The new Visual Arts Building is located across Riverside Drive from the original Art Building and just north and west of Art Building West. This view is from Art Building West and shows off the new building’s east side. Photo by Tim Schoon.
The temporary building on Highway 1 used to be a Menards home improvement store and was empty in 2008, after the company opened a new store a year earlier. The move originally was supposed to be short-term, but when it became clear the original Art Building had to be replaced, a few months turned into eight years.
Steve McGuire, professor of art and coordinator of the department’s studio division, says the Menards building has been functional but far from optimal. The lighting is terrible, he says, they’ve been relying on fluorescents and have almost no natural sunlight. And though lighting is not all that important when shopping for lumber or washing machines, for an artist, it’s everything. Privacy and quiet also were hard to find because of the cramped spaces and because few rooms had ceilings installed, so noise from one room often drifted over the walls and disturbed students working in another.
The building is a ten-minute Cambus ride away from the department’s administrative offices and library in Art Building West, splitting the Art and Art History Department in two and making it difficult for non-art majors to take electives. The infrastructure also was inadequate for all of the data and technology that’s needed to teach and create art, one of the most significant changes in the art world during the eight-year sojourn.
“People don’t realize how industrial art has become and how much science and engineering knowledge goes into being an artist today,” says McGuire, pointing to advancements in computer-aided design, 3-D printing, computer-operated lathes, and plasma cutting.
But most of all, the building’s 72,000 square feet are not enough for all the classrooms, studios, galleries, and gathering spots for effective teaching, research, and creativity, leading to the piles of clutter on and around Chen’s desk.
The students who study there have a certain fondness for the building, though. It’s all they know, they say, so the building’s weaknesses were something they could adapt to. For Chen, the place was a palace compared to the school in her native China where she did her undergraduate work.
“We have a foundry here, and a wood shop, and fine computers,” she says. “I didn’t have any any of those things in China.”
Robby Scott, a second-year MFA student studying painting, says the funkiness of the Studio Arts building was in some ways inspiring.
“It took a certain kind of student to choose to come to a program with fluorescent lights and fake walls in a big warehouse,” he says.
On top of all that, it has lots of free parking.
But McGuire says the new Visual Arts Building will quickly make people forget about the Menards era. With 126,000 square feet, it’s filled with the latest teaching and production technology, with walls of glass to let through natural light. Designed as it was by renowned architect Steven Holl, it’s a piece of art in itself.

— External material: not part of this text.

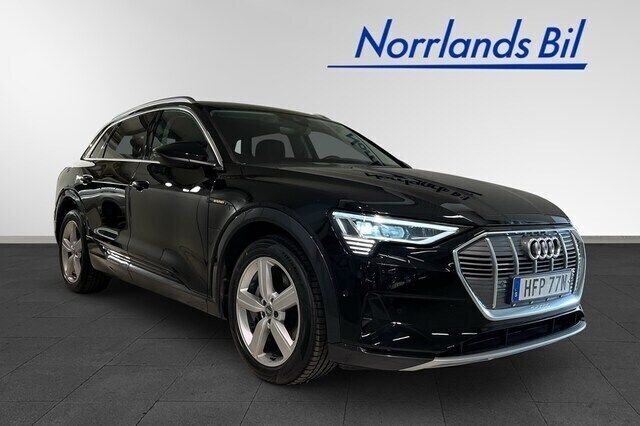 Brilliantsvart Begagnad 2020 Audi e-tron Proline SUV | 319 000 kr (Marknadspris) - Bild 1/4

“When students walk into the new building, they’ll be inspired to produce,” says McGuire, whose office has been in the temporary building since 2008. “It’s one of the most advanced, cutting-edge art-education buildings at any university, and we look forward to showing it to the community and seeing what our students create there.”
The move to the new building is expected be complete by May 15, in time to host its first summer session classes the next day.